Dans ces conditions, la

municipalité n’a manifestement pas abusé de son pouvoir d’appréciation en

refusant de faire application de l’art. 77 LATC.

4.

Les trois bâtiments projetés

comportent chacun quatre niveaux, soit un sous-sol, un rez-de-chaussée et deux

étages. La majeure partie du volume des sous-sols se trouve au-dessus du niveau

du terrain naturel. Les sous-sols des bâtiments G et H seraient partiellement

enterrés et affectés au stationnement des véhicules ou à des locaux communs

(cave, chauffage, buanderie, etc.). Le sous-sol du bâtiment F serait

entièrement dégagé et partiellement affecté à l’habitation.

Les recourants considèrent

que des bâtiments ainsi conçus ne correspondent pas aux exigences du plan de

quartier, qui limiterait à trois le nombre de niveaux constructibles ; ils

mettent également en cause l’affectation à l’habitation d’une partie du

sous-sol du bâtiment F. La municipalité a répondu à ces arguments en ces

termes :

« Le plan de

quartier « Les Lauriers » comprend le plan proprement dit, des élévations

(profils 1, 2 et 3) et une légende. Ces éléments constituent, avec le règlement

spécial, un ensemble parfaitement cohérent. Il en résulte notamment que les

bâtiments F, G et H sont destinés à l’habitation (art. 3.1 du règlement) ;

et que le nombre de niveaux constructibles est fixé par le plan (art. 4.2.1). A

cet égard, le profil 2 indique sans ambiguïté que les bâtiments F, G et H

comptent chacun quatre niveaux constructibles. En outre, contrairement à

ce qu’insinuent les recourants, le plan de quartier distingue les niveaux

constructibles des niveaux habitables. En effet, le nombre de niveaux

habitables est indiqué, sur le plan proprement dit, par un chiffre romain qui,

selon la légende du plan, correspond au nombre de niveaux habitables, rez-de-chaussée

inclus.
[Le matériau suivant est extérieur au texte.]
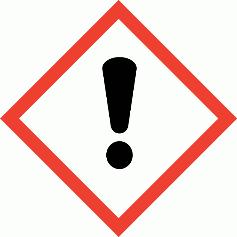 HAZARDS IDENTIFICATION Classification This product is considered hazardous by the 2012 OSHA Hazard Communication Standard (29 CFR 1910.1200).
Pour chacun des bâtiments F, G et H, le plan prévoit trois niveaux

habitables, ce qui concorde parfaitement avec les indications figurant sur les

élévations du profil 2.

C’est dire que le nombre

de niveaux constructibles et habitables correspond rigoureusement aux données

du plan de quartier et de son règlement.

Cela précisé, et

contrairement à ce que suggèrent les recourants, on ne saurait discerner la

moindre incohérence entre l’art. 4.1.1, 1ère ligne, selon lequel les

bâtiments sont représentés à titre indicatif sur le plan et l’art. 4.2.1, 1ère

phrase, selon lequel le nombre de niveaux constructibles est fixé par le plan.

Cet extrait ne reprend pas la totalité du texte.